LOS ANGELES – Civil-rights groups are praising a U.S. Supreme Court ruling that will probably keep a question about citizenship off the 2020 Census.
The high court rejected the Trump administration’s explanation that asking people about their citizenship status is necessary to enforce the Voting Rights Act. Thomas Saenz, president and general counsel of the Mexican American Legal Defense and Education Fund, says recently unearthed documents from a now-deceased Republican consultant proved the real motivation behind the question.
“That consultant indicates the reason to include the citizenship question is to ‘advantage whites, non-Hispanics and Republicans,'” says Saenz. “Ultimately, what’s behind the question is to trigger an under-count in groups that the Trump administration views as hostile.”
Immigrants’ rights groups claim that a citizenship question would prompt foreign-born Americans to ignore the survey, fearing that the Census Bureau would turn their data over to immigration enforcement officers, who could use it to target undocumented relatives for deportation.
Any under-count would negatively affect immigrant communities, because census data is used to redraw political maps and distribute federal funds.
Saenz notes that any such breach of confidentiality would be highly illegal, and vows close scrutiny of the process.
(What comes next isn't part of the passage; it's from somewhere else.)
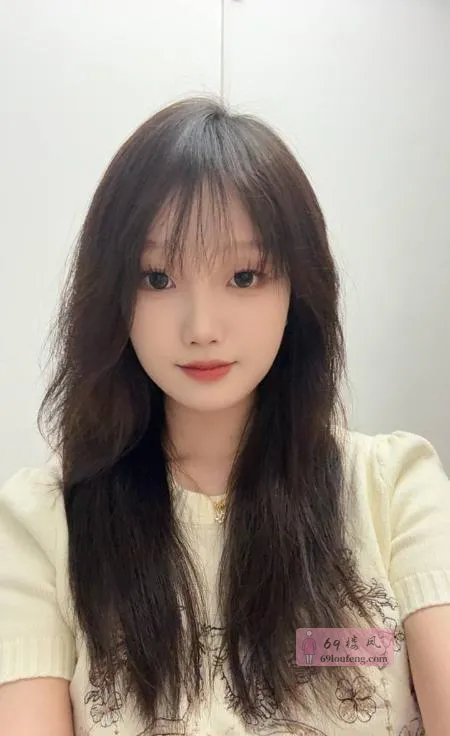 福田清纯兼职小姐姐 - 广东-深圳 楼凤实拍第2张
“Powerful people and powerful organizations will be carefully watching and will step in, to the extent they can, to stop any breach of confidentiality,'” says Saenz. “That’s how important this is.”
This decision leaves the door open for the administration to come back with a different argument, and the president is now calling for the census to be delayed. Civil-rights groups are pressing on with a similar lawsuit intended to prove that racial intent was the motive for adding the citizenship question and asking that it be blocked permanently from census forms.